Winchester turned out to be one of the hottest manufacturers at the auction, accounting for the top three sales. Rounding out the Winchester run was a factory engraved Model 1876 .50 Express Deluxe short rifle, which commanded the princely sum of $230,000.
Samuel Colt’s merchandise had its moments in the sun, also demanding some of the weekend’s highest prices. An A Company No. 182 Walker revolver – Samuel’s first commercially successful revolver as well as his first military contract revolver – was the premium Colt at the sale. The revolver fetched a jaw-dropping $155,250, But it was not the only Colt to bring top dollar. A British proofed Colt Model 1860 Army revolver with matching canteen shoulder stock went out the door at $80,500; A No. 2 Paterson with extra cylinder achieved $46,000; And an exceptional factory “A” engraved Wilbur A. Glahn first generation Colt Single Action Army revolver with ivory grips sold for $40,250.
Smith & Wesson was not left out in the cold when it came to top-end collectable firearms. Perhaps one of the auction’s finest examples of 19th-century craftsmanship was an engraved and gold inlaid Smith & Wesson 44 double action Frontier Model. The revolver was ornamented by famed Colt and Smith & Wesson engraver Gustave Young. The delicate design was enough to command top dollar, but drew an impressive $155,250 due its documented history as a Nevada lawman’s gun.

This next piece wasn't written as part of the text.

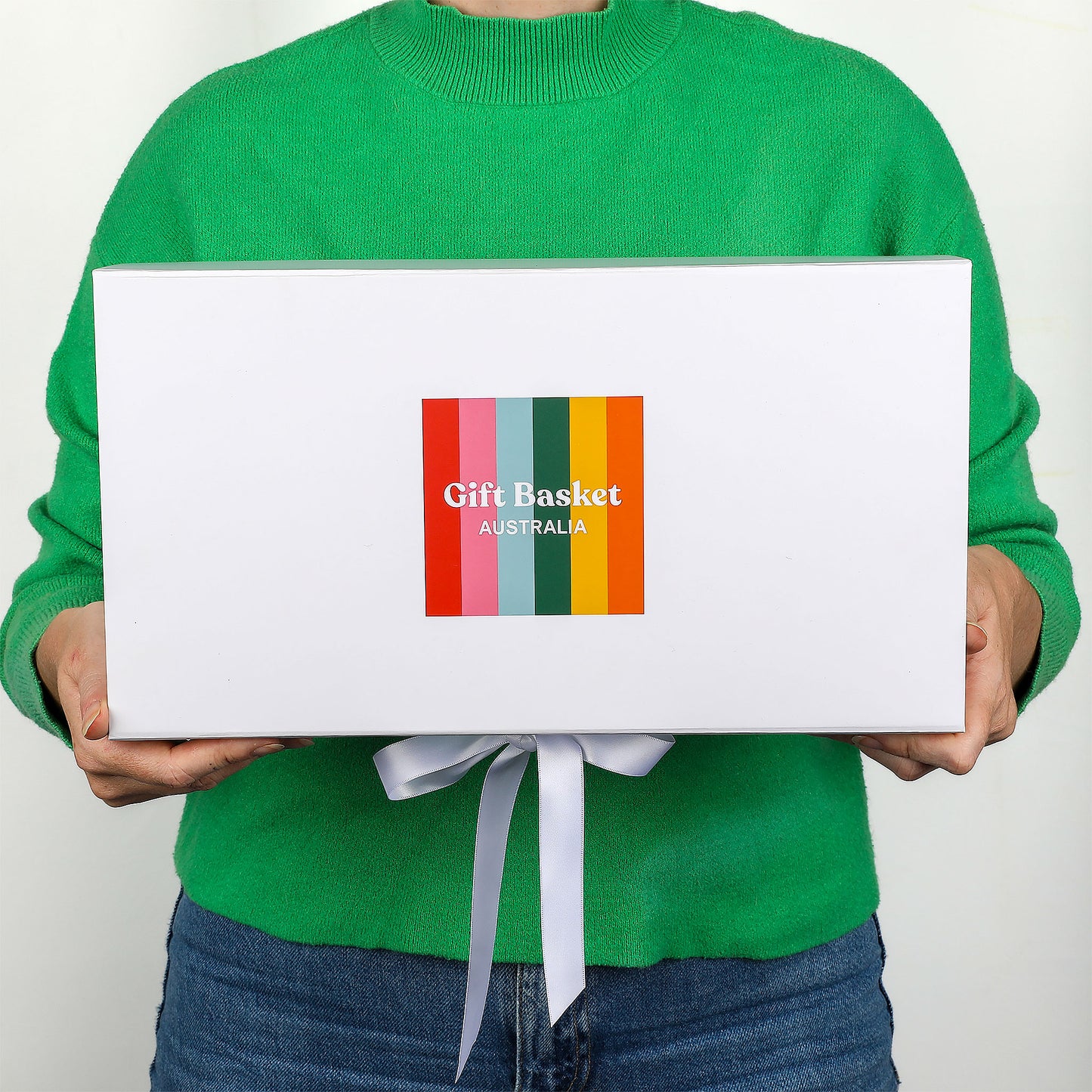Person holding a white gift box with colorful Gift Basket Australia label against a plain background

Other notable sales at the auction included a Singer Tool Room/Prototype M1911A1 semi-automatic pistol. The World War II artifact drew a winning bid of $43,125. A top-notch U.S. contract New Haven Arms Co. Henry Rifle rang the bell at an impressive $80,500. And an outstanding presentation Winchester Second Model 1866 carbine with Henry Patent barrel address went out the door for $46,000.